The Petition of June 24, 1870, signed by 70 Council Fathers and included in the agenda of the First Vatican Council, was never debated due to the interruption of the Council itself.
Bishop Comboni died at Khartoum on the October 10, 1881, before he was able to consolidate his institutions which he had envisaged on an international scale [viii]. After the destruction of the missions during the Madhi revolt, his successor, Bishop F. Sogaro, petitioned [ix] and received from the Holy See permission to transform the Institute into a religious congregation with the title of «Filii Sacri Cordis Jesu». The government of the Society was entrusted to a few priests from the Society of Jesus, who helped the Comboni Institute to strengthen the form of life consecrated by the vows. The first professions took place 1887. The Society was officially approved by a «Decretum laudis» of June 7, 1895. The first General Chapter of the Society was held in 1899.

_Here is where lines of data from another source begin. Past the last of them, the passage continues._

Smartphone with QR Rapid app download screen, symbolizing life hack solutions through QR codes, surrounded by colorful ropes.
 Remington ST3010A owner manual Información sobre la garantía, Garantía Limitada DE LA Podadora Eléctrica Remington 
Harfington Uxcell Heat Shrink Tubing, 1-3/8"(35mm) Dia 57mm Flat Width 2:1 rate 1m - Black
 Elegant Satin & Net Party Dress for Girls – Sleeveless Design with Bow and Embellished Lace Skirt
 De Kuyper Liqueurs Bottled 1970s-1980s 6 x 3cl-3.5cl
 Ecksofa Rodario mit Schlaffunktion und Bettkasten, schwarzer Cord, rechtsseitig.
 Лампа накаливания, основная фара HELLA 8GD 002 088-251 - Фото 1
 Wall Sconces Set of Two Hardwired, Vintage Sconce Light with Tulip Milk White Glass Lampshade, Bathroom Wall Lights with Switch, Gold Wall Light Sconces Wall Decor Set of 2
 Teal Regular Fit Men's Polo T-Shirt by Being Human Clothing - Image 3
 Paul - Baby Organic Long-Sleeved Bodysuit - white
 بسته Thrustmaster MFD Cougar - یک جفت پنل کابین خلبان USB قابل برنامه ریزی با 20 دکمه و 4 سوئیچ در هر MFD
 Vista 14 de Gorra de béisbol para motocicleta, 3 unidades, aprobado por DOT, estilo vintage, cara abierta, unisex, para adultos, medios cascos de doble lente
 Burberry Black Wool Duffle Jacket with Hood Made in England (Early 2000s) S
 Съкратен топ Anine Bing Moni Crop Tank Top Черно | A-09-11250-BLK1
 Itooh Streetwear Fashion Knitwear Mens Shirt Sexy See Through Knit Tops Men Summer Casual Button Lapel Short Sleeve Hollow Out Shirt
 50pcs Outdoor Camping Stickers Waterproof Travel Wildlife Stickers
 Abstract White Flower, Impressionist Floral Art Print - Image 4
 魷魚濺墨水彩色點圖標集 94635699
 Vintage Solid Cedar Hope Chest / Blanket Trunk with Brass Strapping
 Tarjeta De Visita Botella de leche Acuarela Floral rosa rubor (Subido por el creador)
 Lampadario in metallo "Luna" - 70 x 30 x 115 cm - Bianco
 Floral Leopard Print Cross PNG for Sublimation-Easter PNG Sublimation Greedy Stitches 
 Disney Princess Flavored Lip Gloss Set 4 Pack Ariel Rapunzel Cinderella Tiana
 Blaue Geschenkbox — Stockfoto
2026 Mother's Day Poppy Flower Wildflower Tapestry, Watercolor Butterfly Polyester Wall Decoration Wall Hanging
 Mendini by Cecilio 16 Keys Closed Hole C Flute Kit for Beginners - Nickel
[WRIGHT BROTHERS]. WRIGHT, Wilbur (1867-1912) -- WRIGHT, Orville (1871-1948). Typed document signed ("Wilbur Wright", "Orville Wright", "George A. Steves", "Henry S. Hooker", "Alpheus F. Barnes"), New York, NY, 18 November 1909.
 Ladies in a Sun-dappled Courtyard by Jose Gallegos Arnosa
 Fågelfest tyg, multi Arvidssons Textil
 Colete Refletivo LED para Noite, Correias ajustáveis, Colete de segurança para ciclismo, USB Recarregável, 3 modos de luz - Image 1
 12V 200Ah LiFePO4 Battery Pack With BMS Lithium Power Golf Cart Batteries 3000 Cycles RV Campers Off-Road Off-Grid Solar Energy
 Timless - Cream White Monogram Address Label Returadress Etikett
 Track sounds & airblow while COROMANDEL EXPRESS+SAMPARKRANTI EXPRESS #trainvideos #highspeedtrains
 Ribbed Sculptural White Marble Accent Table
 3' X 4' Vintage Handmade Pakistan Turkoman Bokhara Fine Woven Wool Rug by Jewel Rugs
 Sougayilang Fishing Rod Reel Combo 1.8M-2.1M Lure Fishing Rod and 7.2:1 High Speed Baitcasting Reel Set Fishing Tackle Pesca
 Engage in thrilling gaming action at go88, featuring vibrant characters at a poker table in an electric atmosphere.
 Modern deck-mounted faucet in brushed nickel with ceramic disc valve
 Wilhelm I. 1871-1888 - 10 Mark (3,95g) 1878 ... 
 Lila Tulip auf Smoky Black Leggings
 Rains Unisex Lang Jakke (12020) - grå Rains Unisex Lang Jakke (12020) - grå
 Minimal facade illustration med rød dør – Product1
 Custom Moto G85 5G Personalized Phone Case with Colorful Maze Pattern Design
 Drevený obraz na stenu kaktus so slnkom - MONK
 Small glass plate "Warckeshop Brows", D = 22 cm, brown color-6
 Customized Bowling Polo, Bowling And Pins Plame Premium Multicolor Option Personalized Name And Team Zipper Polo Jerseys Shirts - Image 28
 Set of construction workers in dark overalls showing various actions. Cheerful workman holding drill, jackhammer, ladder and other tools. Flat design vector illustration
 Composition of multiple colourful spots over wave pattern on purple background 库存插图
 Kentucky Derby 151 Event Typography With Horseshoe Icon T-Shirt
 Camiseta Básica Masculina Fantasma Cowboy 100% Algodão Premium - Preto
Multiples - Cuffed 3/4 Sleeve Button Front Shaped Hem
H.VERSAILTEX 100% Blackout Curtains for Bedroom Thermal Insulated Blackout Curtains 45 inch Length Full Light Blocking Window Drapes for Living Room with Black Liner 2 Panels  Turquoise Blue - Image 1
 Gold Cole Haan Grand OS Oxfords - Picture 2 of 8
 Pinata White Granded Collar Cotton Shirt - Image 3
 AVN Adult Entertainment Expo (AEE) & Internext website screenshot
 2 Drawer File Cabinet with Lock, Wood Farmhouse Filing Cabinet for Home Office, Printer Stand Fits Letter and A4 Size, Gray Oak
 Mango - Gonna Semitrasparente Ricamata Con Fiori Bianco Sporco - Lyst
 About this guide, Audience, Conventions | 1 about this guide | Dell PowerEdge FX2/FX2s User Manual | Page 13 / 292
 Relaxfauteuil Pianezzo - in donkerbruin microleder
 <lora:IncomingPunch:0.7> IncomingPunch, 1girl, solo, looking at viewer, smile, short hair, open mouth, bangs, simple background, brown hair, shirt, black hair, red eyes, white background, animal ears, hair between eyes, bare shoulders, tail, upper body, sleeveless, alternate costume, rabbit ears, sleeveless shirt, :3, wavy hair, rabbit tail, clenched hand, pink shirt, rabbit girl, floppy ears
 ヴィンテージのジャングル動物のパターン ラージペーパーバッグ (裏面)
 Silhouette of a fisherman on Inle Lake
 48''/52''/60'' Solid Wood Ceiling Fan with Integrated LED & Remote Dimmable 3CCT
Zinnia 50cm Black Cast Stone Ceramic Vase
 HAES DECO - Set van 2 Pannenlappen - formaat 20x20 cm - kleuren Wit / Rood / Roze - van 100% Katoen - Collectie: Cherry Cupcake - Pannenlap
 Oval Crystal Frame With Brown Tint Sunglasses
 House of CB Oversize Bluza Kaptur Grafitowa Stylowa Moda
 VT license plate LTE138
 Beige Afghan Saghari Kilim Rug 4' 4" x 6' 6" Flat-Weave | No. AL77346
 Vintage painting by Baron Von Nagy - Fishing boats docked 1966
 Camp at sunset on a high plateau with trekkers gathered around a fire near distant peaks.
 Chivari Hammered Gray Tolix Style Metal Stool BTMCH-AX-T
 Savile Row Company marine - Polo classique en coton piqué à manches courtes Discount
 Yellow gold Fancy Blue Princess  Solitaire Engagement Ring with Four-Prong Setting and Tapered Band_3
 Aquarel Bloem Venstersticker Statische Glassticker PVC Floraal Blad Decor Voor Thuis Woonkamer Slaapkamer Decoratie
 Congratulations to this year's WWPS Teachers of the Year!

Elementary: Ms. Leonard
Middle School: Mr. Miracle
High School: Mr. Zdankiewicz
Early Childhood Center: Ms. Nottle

On February 19, 1910 the Constitutions, which declared that the purpose of the Society was the conversion of the people of Central Africa and «of other peoples that might be entrusted to the Society by the Sacred Congregation for the Propagation of the Faith»[x], were definitively approved.
Because of tensions that arose within the Society, on July 27, 1923 the Congregation for the Propagation of the Faith reluctantly decided to divide the Society into two Congregations, one predominantly Italian, which kept the original name «Sons of the Sacred Heart of Jesus» (FSCJ) and the other, predominantly German-speaking, which took the name Missionaries, Sons of the Sacred Heart (MFSC).
Both Societies developed on their own separate lines although the international thrust was weakened. However, the missionary purpose and vocation remained basically unchanged. New fields of work were opened in Latin America in obedience to the Spirit, who indicated that the time had come for that continent, and to the Holy See which had requested that the whole missionary Church be involved.
Under the stimulus of the Second Vatican Council, the growing awareness of the Founder’s living presence and the desire for reunion, which had never died out, were given fresh strength.
On September 2, 1975 the two General Chapters, gathered in joint session at Ellwangen/Jagst, Germany, decided to reunite the two Congregations into one single Institute, on the basis of a special juridical ordinance. In a referendum this decision was ratified by an overwhelming majority of the members of both Societies.
On June 22, 1979, Feast of the Sacred Heart, the opening day of the 12th Special General Chapter, the reunion of the two Congregations of Comboni was officially sanctioned by a decree of the S. Congregation for the Evangelization of Peoples. The new name of the reunited Institute is Comboni Missionaries of the Heart of Jesus (MCCJ).
In reading their history, the missionaries of Comboni acknowledge the action of the Spirit [xi] from whom their Society has its origin through the Founder and who has led them to a greater understanding and realization of the original inspiration.
This history has been written by the humble sacrifice of the confreres who have dedicated their entire lives to the Gospel.
[i] Cf CEA, p. 236
[ii] Ibid. p. 215 ff.
[iii] Cf MDC, p. 280 ff (n. 116 ff).
[iv] Cf ibid., p. 294 ff (n. 131 ff).
[v] Cf ibid., p. 287 (n. 125).
[vi] Cf CEA, p. 252, 253.
[vii] Cf ibid., p. 250 ff.
[viii] Cf MDC, p. 304 ff (n. 142 ff).
[ix] Cf «La Nigrizia», year VI, Jan. 1888, p. 11 ff.
[x] «Costituzioni e regole», 1910, n. 1.